Invest in your brand and clearly communicate what you stand for. AI systems are increasingly looking for signals of genuine expertise and credentials.
External Platforms Are a Multiplier
Perplexity and Google AI surface German-language YouTube videos (20 citations) and Reddit discussions (6 citations), emphasizing community experiences. YouTube and Reddit offer the rare cross-platform visibility.
If you can’t maintain three optimization strategies, build presence on platforms where all three AI systems already look.
The Core Mission Hasn’t Changed
The most important pillar of the job description hasn’t changed: SEOs still help people to find the most relevant and reliable information for their intent. As AI search fragments into different systems, the need for skilled optimization across multiple platforms only increases.
We’re learning to optimize for new platforms in real-time, watching systems evolve as they emerge. This evolution is significant. The role of ChatGPT and similar platforms will likely grow more important over time. The systems will become more sophisticated, learning how to surface and reference the most helpful content and sources for users.

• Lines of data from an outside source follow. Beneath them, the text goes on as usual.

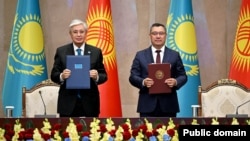 Касым-Жомарт Токаев жана Садыр Жапаров. Бишкек. 22-август, 2025-жыл.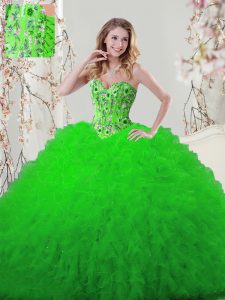 Spectacular Ball Gowns Quinceanera Gown Sweetheart Tulle Sleeveless Floor Length Lace Up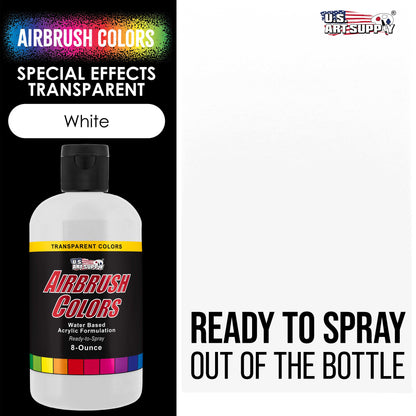White, Transparent Acrylic Airbrush Paint - 8 oz. Ready to Spray Air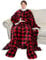 Catalonia Classy Tartan Wearable Sherpa Blanket with Sleeves and Foot Pocket, Soft Cosy Fleece Slankets for Women Warm Fluffy Plush Throws Winter TV Blanket for Sofa Couch 190 x 135 cm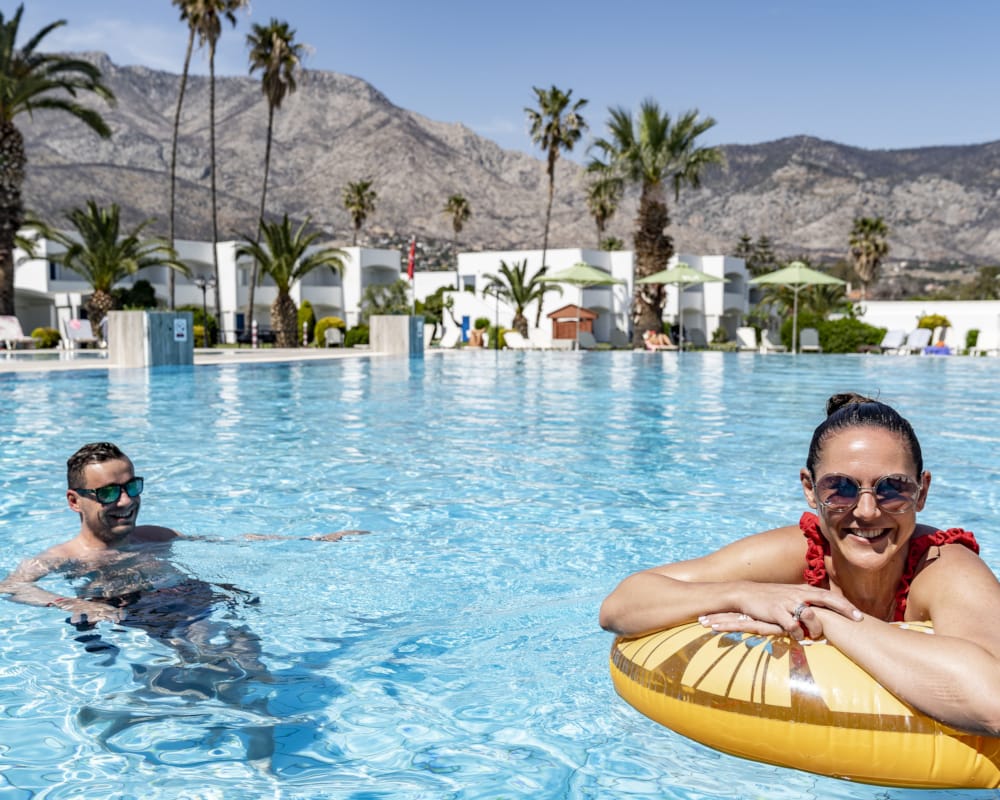 a group of people in a pool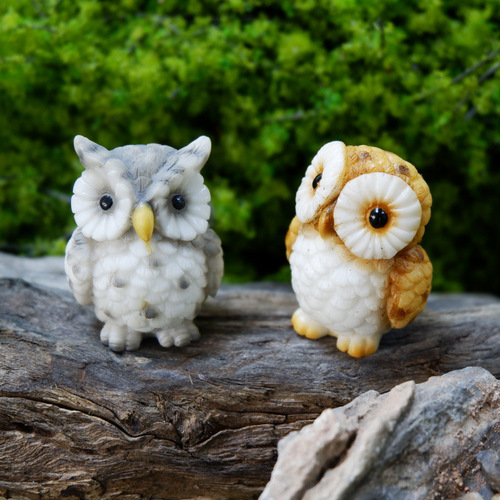Owl resin small ornaments micro landscape decoration landscaping bonsai green plants creative cross-border gifts crafts moss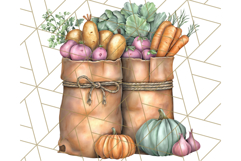 Fall Market Stall Clipart PNG, Rustic Autumn Clip Art Product Image 4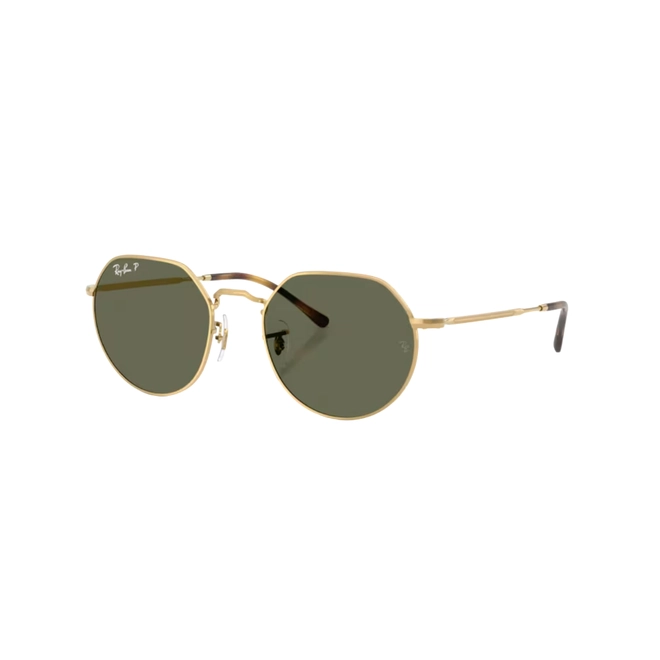Óculos de Sol Ray-Ban Jack 0RB3565 001/5853 Metal Dourado com lentes na cor Verde Polarizado 1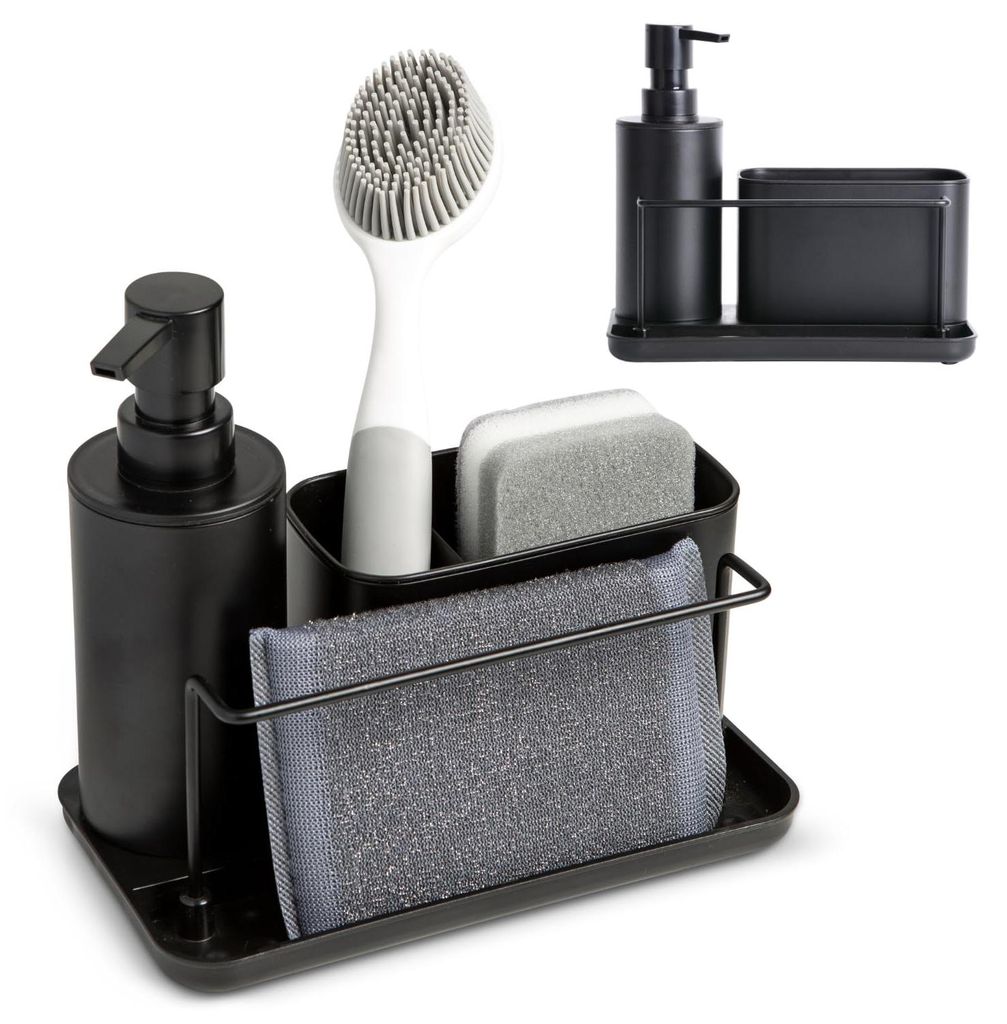 Küchenorganizer- und Seifenspender-Set - Seifenspender mit Schwammhalter und Spülbürstenhalter, ideal für den Bereich neben der Spüle - Schwar...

The fundamental mission hasn’t changed: people are looking for answers to challenges and problems online. What’s changing is where they look and how information reaches them. AI-driven platforms don’t rely on the paradigm of websites and blue links as much anymore. Sometimes they’re synthesized answers with citations. Sometimes they’re conversational responses that weave together multiple sources.
As the landscape fragments and evolves, the SEO professionals who adapt quickest, who understand multiple platforms, and who prioritize user value over gaming systems will thrive. We’re moving from “how do I rank” to “how do I become the authoritative answer my audience needs across multiple discovery paths.”